De l’exécution des peines au Luxembourg

Si l’exécution des peines implique tant les décisions concernant les modalités des peines de prison prononcées que les décisions concernant la vie carcérale des prisonniers, le présent article, en se référant à l’exécution des peines, se limite au premier volet. En l’espèce, l’exécution des peines se rapporte à la phase postérieure au jugement ayant prononcé une peine de prison. Cela implique aujourd’hui les différentes modalités d’aménagement des peines, telles que le congé pénal, le régime de la semi-liberté, la libération conditionnelle ou encore la surveillance électronique, pour n’en citer que quelques-unes.

L’exécution des peines à partir des années 1960

Avant l’entrée en vigueur de la loi du 21 mai 1964 portant sur la réorganisation des établissements pénitentiaires et des maisons d’éducation ainsi que sur la création d’un service de défense sociale, l’exécution des peines était, au moins partiellement, attribuée au ministère de la Justice1.

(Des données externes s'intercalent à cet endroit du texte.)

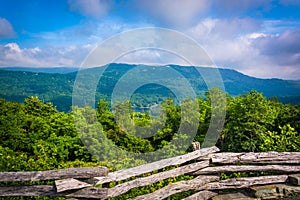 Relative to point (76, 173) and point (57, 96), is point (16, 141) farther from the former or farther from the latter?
point (57, 96)

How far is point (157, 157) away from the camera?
34.0 ft

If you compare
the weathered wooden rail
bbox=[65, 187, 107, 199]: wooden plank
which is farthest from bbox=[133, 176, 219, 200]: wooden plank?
bbox=[65, 187, 107, 199]: wooden plank

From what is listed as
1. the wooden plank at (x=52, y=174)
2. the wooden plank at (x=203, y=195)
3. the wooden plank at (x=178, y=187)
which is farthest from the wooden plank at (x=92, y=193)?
the wooden plank at (x=203, y=195)

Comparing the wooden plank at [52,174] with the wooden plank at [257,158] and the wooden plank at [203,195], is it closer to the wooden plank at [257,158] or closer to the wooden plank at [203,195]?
the wooden plank at [203,195]

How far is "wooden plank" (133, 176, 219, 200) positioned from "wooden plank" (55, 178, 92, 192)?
1.08 m

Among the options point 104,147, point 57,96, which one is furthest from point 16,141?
point 57,96

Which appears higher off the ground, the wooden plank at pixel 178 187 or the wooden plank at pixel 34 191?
the wooden plank at pixel 34 191

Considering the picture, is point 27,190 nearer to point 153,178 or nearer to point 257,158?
point 153,178

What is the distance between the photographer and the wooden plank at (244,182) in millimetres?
5193

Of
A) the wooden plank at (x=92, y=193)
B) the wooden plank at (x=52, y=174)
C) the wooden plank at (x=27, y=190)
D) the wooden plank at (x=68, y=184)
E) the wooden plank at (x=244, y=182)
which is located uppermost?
the wooden plank at (x=52, y=174)

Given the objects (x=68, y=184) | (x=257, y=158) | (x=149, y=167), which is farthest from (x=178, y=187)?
(x=68, y=184)

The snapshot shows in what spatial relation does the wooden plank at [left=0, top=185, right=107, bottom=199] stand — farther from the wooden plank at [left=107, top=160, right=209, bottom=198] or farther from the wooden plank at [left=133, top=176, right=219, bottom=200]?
the wooden plank at [left=133, top=176, right=219, bottom=200]

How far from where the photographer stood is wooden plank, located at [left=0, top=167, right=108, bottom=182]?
3.93 metres

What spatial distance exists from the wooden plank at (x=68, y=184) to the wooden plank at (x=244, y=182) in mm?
2287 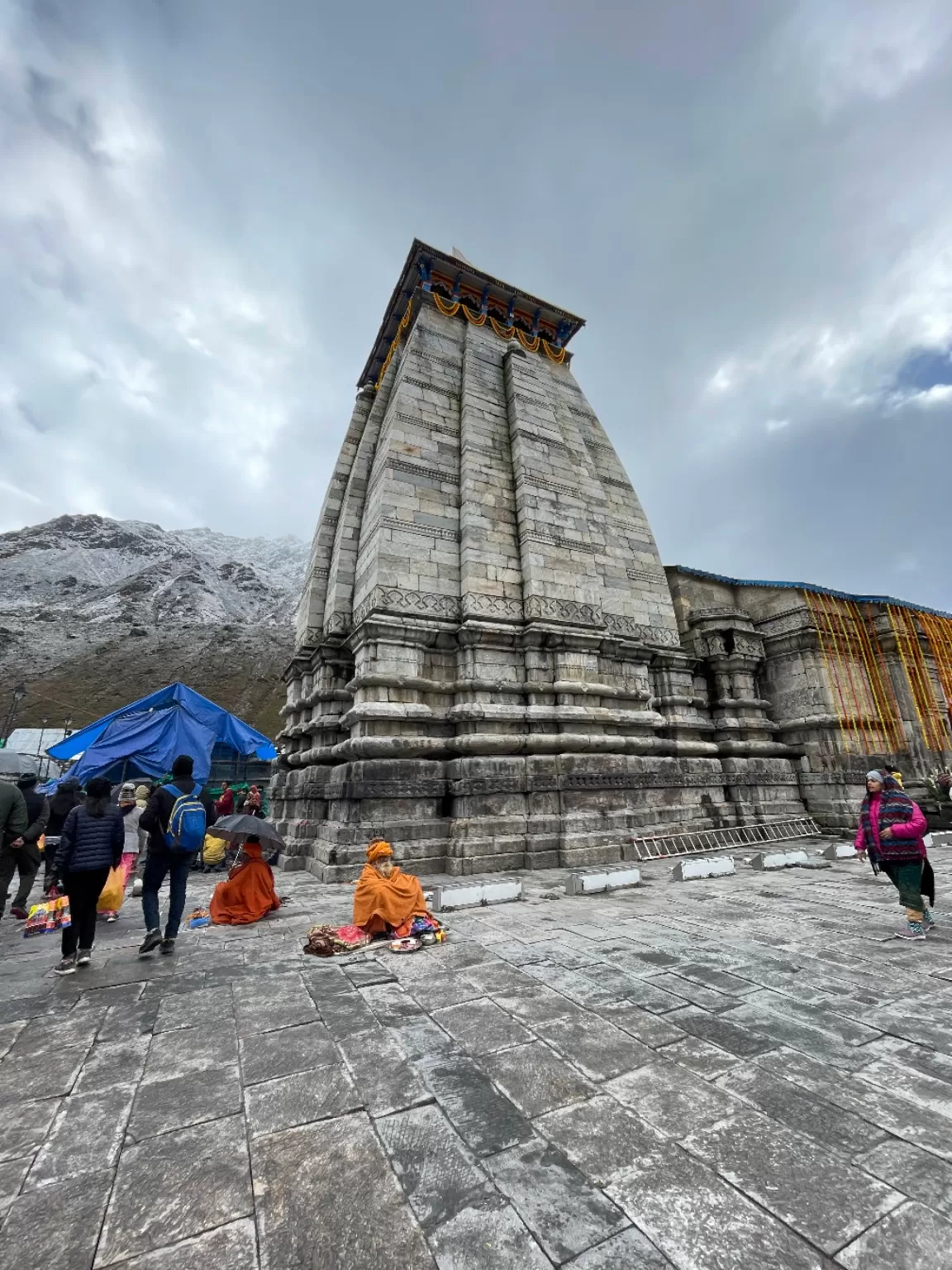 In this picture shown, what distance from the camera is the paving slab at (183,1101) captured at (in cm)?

L’article 2 de cette loi attribue cette tâche exclusivement au procureur général d’Etat, tout en prévoyant la possibilité pour celui-ci de déléguer plusieurs de ses fonctions à un autre magistrat du Parquet général ou d’un des parquets. Il convient de noter qu’à cette époque, les condamnés ne disposaient d’aucun recours contre les décisions du Parquet général, qui n’étaient attaquables devant les juridictions ni judiciaires ni administratives. Si deux réformes sont intervenues respectivement en 1984 et en 1997, la structure de l’exécution des peines est restée inchangée2, en ce que cette tâche était toujours attribuée au Parquet général.

Sous l’impulsion du ministre Robert Krieps, la loi du 26 juillet 1986 relative à certains modes d’exécution des peines privatives de liberté introduit plusieurs nouvelles modalités, telles que l’exécution fractionnée, la semi-liberté, le congé pénal ainsi que la suspension de la peine et la libération anticipée. L’objectif initial de l’introduction de différents aménagements de la peine était la réinsertion sociale du condamné. Selon cette logique, il ne suffit pas d’assurer l’exécution matérielle de la peine d’emprisonnement, mais il convient de prendre en compte des facteurs divers tels que la personnalité ou la situation privée du condamné en fixant les différents aménagements de la peine.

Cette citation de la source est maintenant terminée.